On sait aussi qu’il y a des procédures d’intimidation de certains opérateurs économiques, raison pour laquelle il est bon de toujours vérifier la titularité de la marque.

S : En tant que conseil en propriété industrielle de la Brasserie du Faso (BRAFASO), comment voyez-vous le contentieux qui l’oppose aux Brasseries du Cameroun ?

M.H : Je suis surpris que l’affaire finalement, soit allée jusqu’à des saisies de boissons ; parce que toutes les dispositions avaient été prises pour retirer ces boissons et ne plus utiliser la marque "Top". Je pensais donc qu’on s’acheminait vers un arrangement à l’amiable. Voyez-vous le droit de la propriété industrielle dit que si une marque est protégée au profit d’une société ou d’une personne, la marque est valable dans tous les pays membres de l’OAPI, autrement dit, elle est valable au Cameroun et au Burkina. La loi dit encore que personne désormais ne peut utiliser le signe pour désigner des produits similaires dans tous les pays membres de l’OAPI.

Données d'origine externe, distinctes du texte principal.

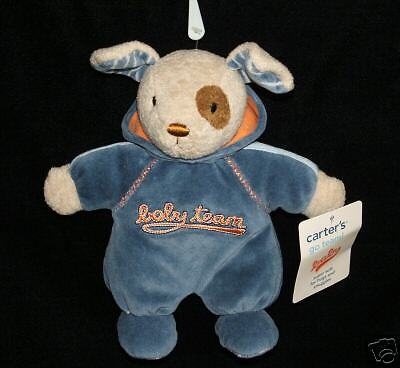 NEW Carters GO TEAM PUPPY Rattle Dog Plush Baby Toy X  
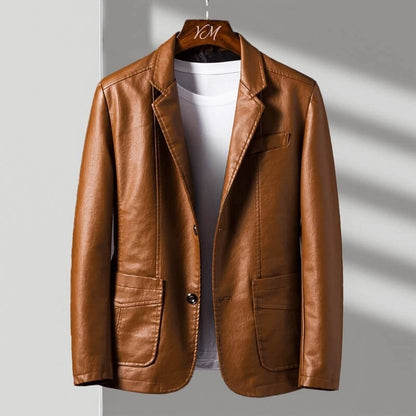 Lorcan | Men's Leather Blazer Tailored Two Button Jacket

Mais les textes de la propriété industrielle ont un fondement. Cela suppose que vous partagez le même marché. C’est ce que les juristes appellent la raison d’être de la règle de droit, la raison d’être du droit. Autrement dit si vous ne partagez pas le même marché, s’il n’y a pas de risque de confusion entre vos produits, parce que vos marchés ne sont pas les mêmes, il faut faire attention, car il y a la lettre de la loi et l’esprit de la loi. Je pense qu’il faut laisser parler la raison d’être de la loi. Est-ce que les deux produits se gênaient sur le marché ? Et quel marché ?

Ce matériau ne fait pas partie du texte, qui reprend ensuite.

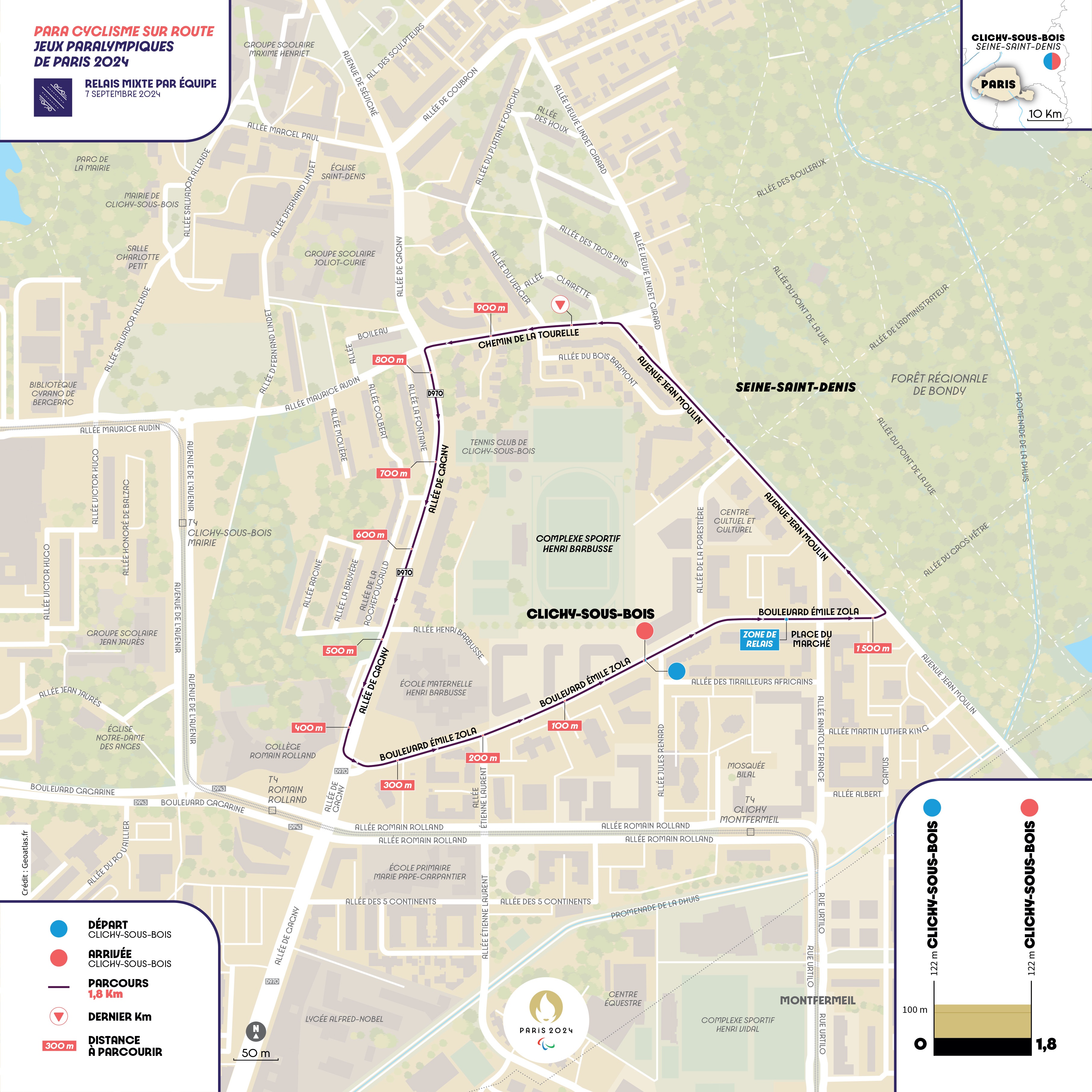 Parcours Para Cyclisme sur route relais mixte Newsroom Paris2024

En tous les cas, c’est au juge de dire le droit . Les pays européens en matière de concurrence ont devancé de loin les pays Africains sur le plan institutionnel et juridique. En Europe par exemple, la propriété industrielle permet à X basé en France de faire saisir des produits commercialisés par Y qui portent la même marque en Hollande et dans tous les autres pays membres de l’Union européenne. Cela se comprend car tous les produits de l’Union circulent sur le même marché européen, ce qui n’est pas le cas ici en Afrique et moins encore dans les pays membres de l’OAPI.

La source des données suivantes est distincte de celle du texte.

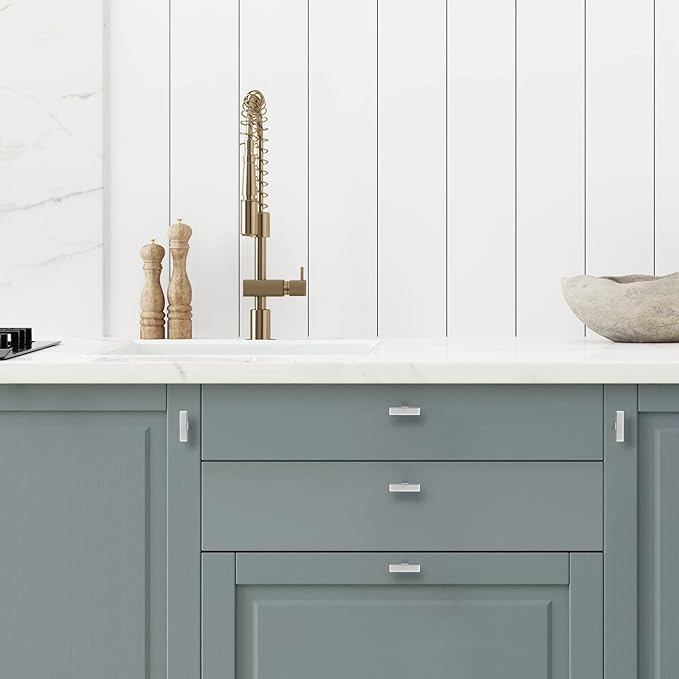 Ravinte 1 Pack Brushed Nickel Kitchen Cabinet Handles Single Hole Cabinet Pulls Square Kitchen Hardware for Cabinet Drawer Pulls Drawer Handles Come with Screwdriver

S : Vous en tant que conseil en propriété industrielle, pourquoi n’avez-vous pas pris les dispositions nécessaires pour éviter à votre client ce qui lui est arrivé.

(M.H.) Nous ne sommes plus à ce débat. Nous sommes actuellement dans un contentieux. Nous avons pris toutes les dispositions nécessaires pour éviter cette situation. Comme je l’ai dit, il faut maintenant laisser parler la raison d’être de la règle de droit. Il n’y a pas à culpabiliser qui que ce soit. C’est une affaire contentieuse que tout le monde a voulu éviter. Les dispositions ont été prises par BRAFASO et ses conseils. Il y a peut-être des non-dits dans cette affaire. Je n’en sais rien, je parle en tant que technicien du droit de la propriété industrielle.